# Bras articulé pour IMAC intel 20" de 2007 (emc 2133) ?



## wxyz (3 Juillet 2013)

Bonjour à Tous! 

J'ai un imac intel 20" de 2007 (emc 2133), qui prend de la place sur mon bureau. Mon bureau fait 155 x 90 cm. 
Mon but est de dégager un max le bureau pour pouvoir travailler tout en me servant de l'imac. 
Pour ça, j'ai pensé à un bras articulé et pour les connexions passer au sans fil. 

Sauf que pour ma version d'imac, il n'y a pas de solution de bras articulé 

Donc je voulais savoir si vous aviez entendu parlé d'une solution?

Merci!


----------



## Pascal 77 (3 Juillet 2013)

à ma connaissance, ça n'existe pas, il existe des solutions de fixations murales, mais fixes, pour certains iMac, mais "bras articulé", vu le poids à soutenir, ça reviendrait aussi cher que la machine, voire plus, je pense !


----------



## wxyz (4 Juillet 2013)

Pascal 77 a dit:


> à ma connaissance, ça n'existe pas, il existe des solutions de fixations murales, mais fixes, pour certains iMac, mais "bras articulé", vu le poids à soutenir, ça reviendrait aussi cher que la machine, voire plus, je pense !



Les bras Ergotron LX supporte des Ecrans Cintiq de 10,2 kg. Donc l'imac 2007 de 20" de 9,1 kg, ça doit le faire.

Le problème viens de ma version d'imac qui n'a pas été conçu pour ça. Contrairement aux modèles suivant. 

http://www.ergotron.com/tabid/65/PRDID/351/language/fr-FR/default.aspx

Fais ch***!


----------



## macomaniac (4 Juillet 2013)

Salut *wxyz*.

Dommage si tu ne peux pas fixer ton _iMac_ à la plaque du bras Ergotron prévue pour les écrans.

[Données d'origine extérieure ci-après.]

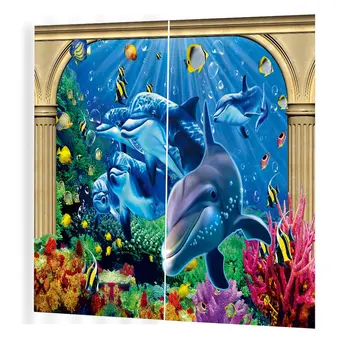 

Beach Prints Curtains Room 3d Curtain Window BJQ-1280(12) 140*100cm Trendy Living Room Bedroom Blackout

Sinon, je te confirme l'excellence du produit. Ils ont résolu à leur façon le problème de la quadrature du cercle : la _flexibilité_ dans la _rigidité_. J'en parle en connaissance de cause, car j'utilise en permanence le bras articulé Ergotron pivotant autour d'une colonne verticale dont le socle pince le bord du plateau de mon bureau. Au lieu d'avoir un écran vertical, j'ai un _MacBook Pro_ dont la partie clavier repose sur un plateau inclinable de la position horizontale à une position inclinée à 45°. Deux équerres de retenue et des patins caoutchoutés empêchent le Mac de glisser et de s'échapper.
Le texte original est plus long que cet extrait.